There is nothing fair about life in Hell.

************************************************** *****

There is also nothing fair about ending a story without a conclusion, and that is just what I’ve done here. I got a bit carried away with detailing the breakfast regimen of Jhaloth rather than writing an introduction to the explaining of some peculiarities inherent of Tzal-Toalth, which had been my original intent.

I shall, in due course, present my findings on the peculiarities inherent of Tzal-Toalth, but in the meantime, you should be aware that, although Frzz-Tlarr was shot, he didn’t die.

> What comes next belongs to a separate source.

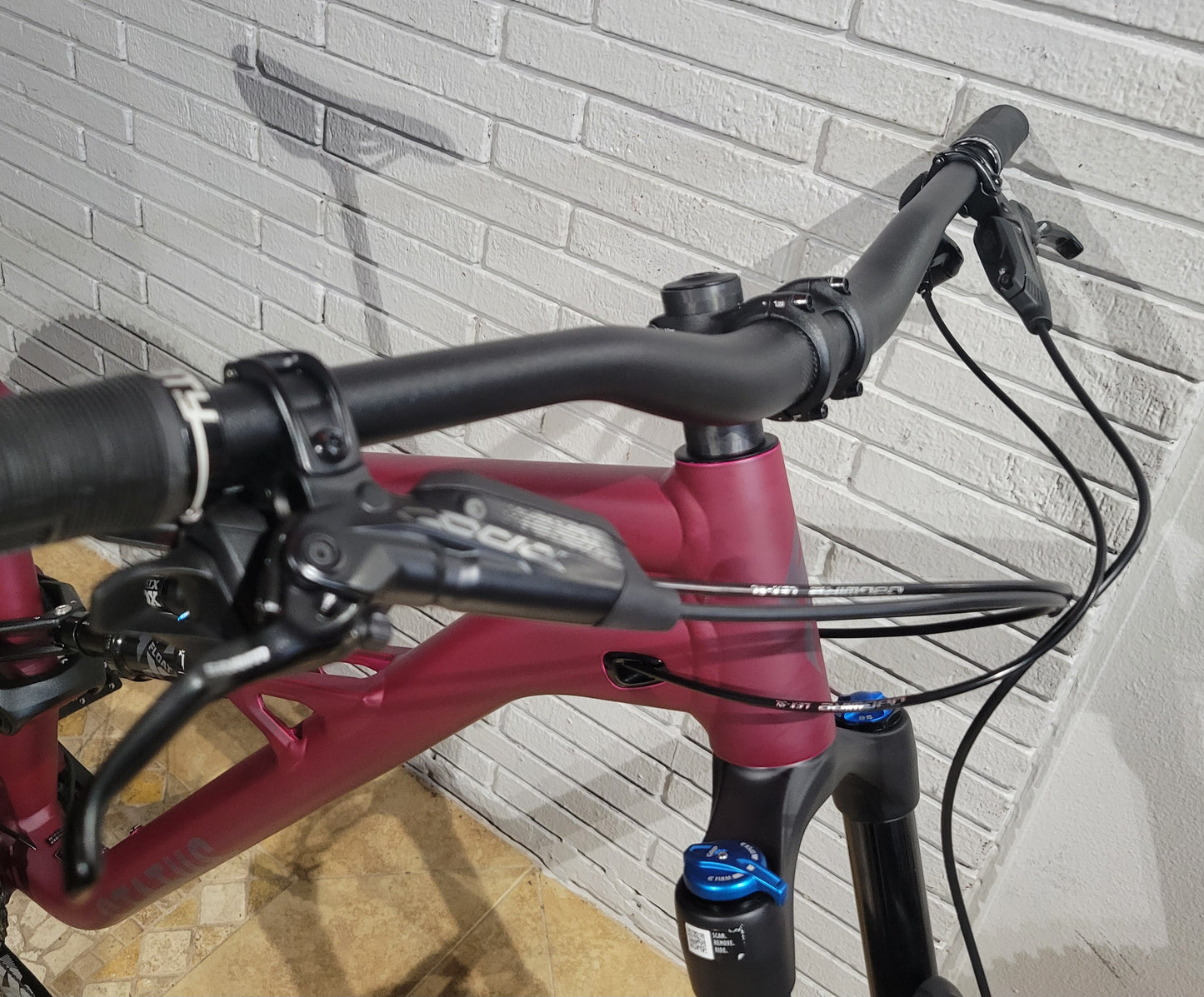 2023 Specialized Status 140 (S5) like new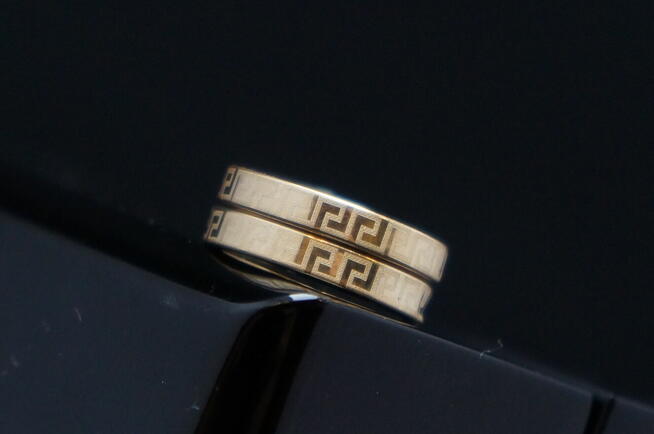 ELEGANCKIE ZŁOTE KOLCZYKI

This is because Frzz-Tlarr is a homunculus, a manufactured creature of magical origin that can simply be re-animated with the replacing of the necessary parts.

In effect, that is as close to "A Happy Ending" as you will find in any story that takes place in Hell.

Young Ned
06-28-2009, 08:26 AM
Nice. I believe it's spelled "Interruptus", though...

Doolipalally
06-28-2009, 03:23 PM
I'm now looking forward to finding out which of Frzz-Tlarr's parts needed replacing!

zmflavius
06-28-2009, 09:43 PM
What about Tzal-Kagoth? For some reason, you can get it from the pumpkin in A Haunting in Durnsig and it purportedly once belonged to Jhaloth.

Taleria
07-15-2009, 11:25 AM
I'm now looking forward to finding out which of Frzz-Tlarr's parts needed replacing!

LOL! I'll rep you for that one. Thanks for the laugh.

@Badstench: Glad to see you're still writing fanfics. Your stories always put me in a thoughtful mood and your characters are so believable. I'll rep you as soon as I get my tenth post.

Elloria
07-19-2009, 06:58 AM
I was giggling for 10 minutes after reading this. Nicely done, Badstench.